Assuming that you are one of the fortunate graduates to have survived the job hunting jungle, what happens thereafter?   Well the employer has selected YOU (can you believe it?), over 98 other graduates for the position of (insert title).  It doesn’t matter that other graduates where smarter, good looking, talented or competent.  The employer rejected them and chose YOU.

The Offer

But then you get the offer. And your initial enthusiasm for the position evaporates before you’ve walked out of the building.  You wonder whether you can really get ahead on a net pay of Rxxx per month. You are unconcerned about the other items before net pay.  You realise that your dream of buying a BMW will have to wait. Unless you settle for the 1982 model.  Maybe the other graduates knew something that you didn’t.  You are rethinking whether you should accept the offer. Or go back into the job stampede with other graduates.

Graduates & Pay Negotiation

Unfortunately there is not that much room for graduates to negotiate with employers.  The reason is due to market supply/demand factors, employer job grades and remuneration bands.  While pay is always negotiable, the employer is unlikely to view your package in this way.

A graduate that does not have adequate work experience, is not in a strong position to negotiate higher pay compared to those who have already worked before.  Unfortunately, graduates that expect higher pay solely on account of having a degree or diploma, won’t win this round.
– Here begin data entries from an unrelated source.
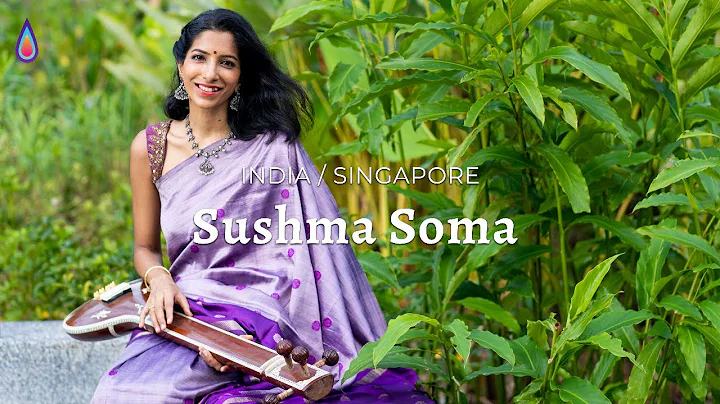 Sushma Soma - Award Winning Carnatic Vocalist (Music Performance 2022)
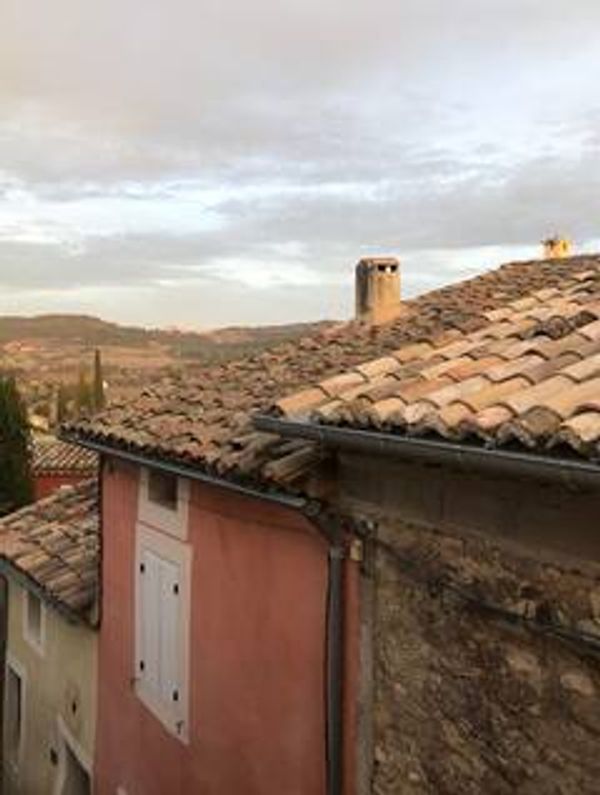 Frédérique's house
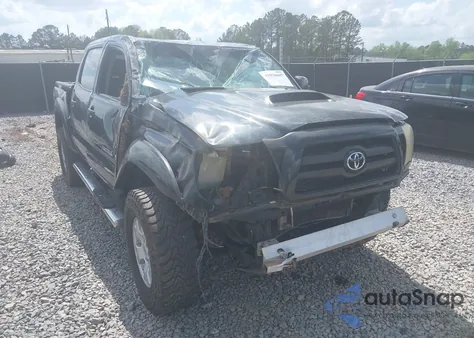 2006 Toyota Tacoma Prerunner V6 from USA, damaged, VIN 5TEJU62N96Z189468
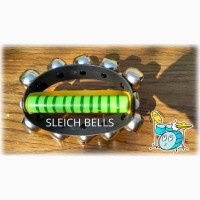 Sleigh Bells- бубенцы, тамбурин, Jingle Stack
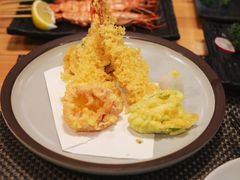 天妇罗-菊上日式料理(蚌埠银泰店)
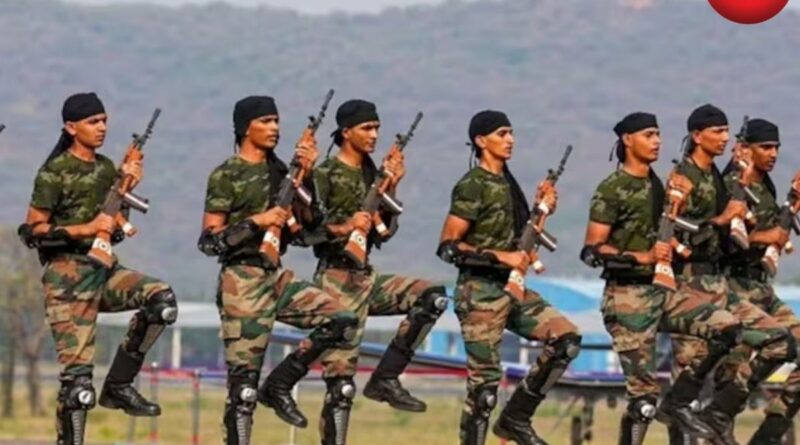 Indian Army Recruitment Exam 2027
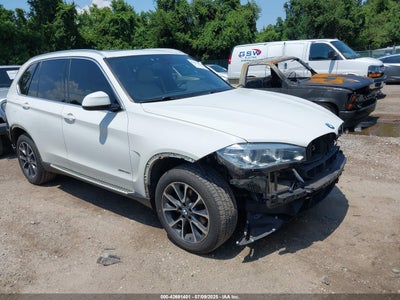 BMW X5 2017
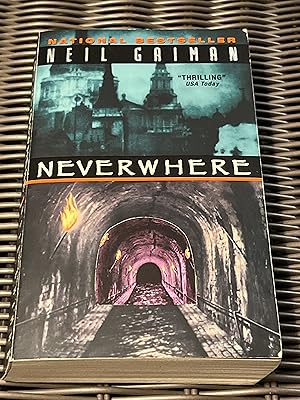 Seller image for Neverwhere for sale by Druid City Vintage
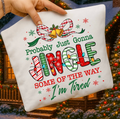Jingle some of the way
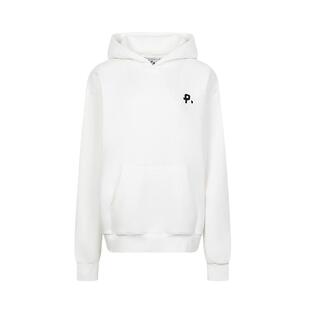 PROJECTJOIN男士卡通刺绣LOGO长袖连帽卫衣 300228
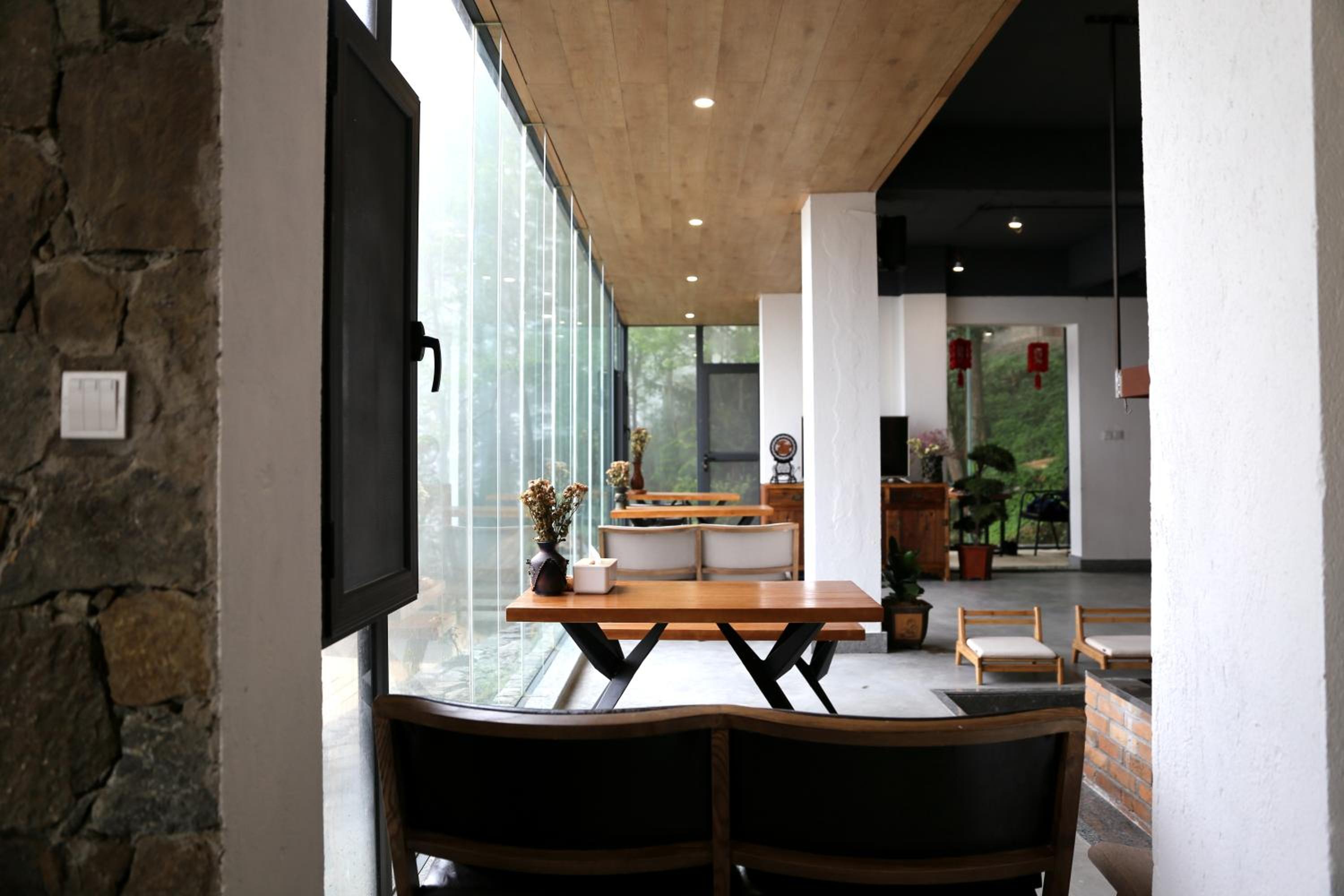 Beyond the Terrace Residence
The minimum required for the job offering Rxxx was the degree or diploma. It was not the maximum requirement.

Graduates & Field of Study

Generally, graduates from the science and commerce fields,  command higher pay compared to those from humanities and arts.  Until the market changes this position, don’t expect the pay gap between graduates with Accounting 3 versus English 3 to close.  Bear in mind that many graduates from humanities & arts struggle to land jobs, before they can even consider negotiating pay.

You versus Other Graduates

So you are special?  You are not in the same league as other graduates?   Well it may help in the negotiation process to know your potential and demonstrating to the employer why you are special.  In the course of an interview, it will come down to the how much you will be getting.  If you have clearly shown that you stand above other graduates applying for the job,  you could try to negotiate. You do not need to automatically accept what is given and reply “ok” ending it there.  You could discuss the pay with the employer when an offer has been made.  Graduates should discuss pay in the context of job responsibilities and their potential contribution. Remember we are assuming that you are special, not in the same league as other graduates.

In the end,  getting a job is not only about the pay.  There are other graduates that would jump on board for the position that you’ve been offerred. You should investigate the package that the employer offers graduates – thoroughly checking out the opportunities, training, development, benefits, incentives and perks.  You may discover a lot more hidden value in the offer than what you expected.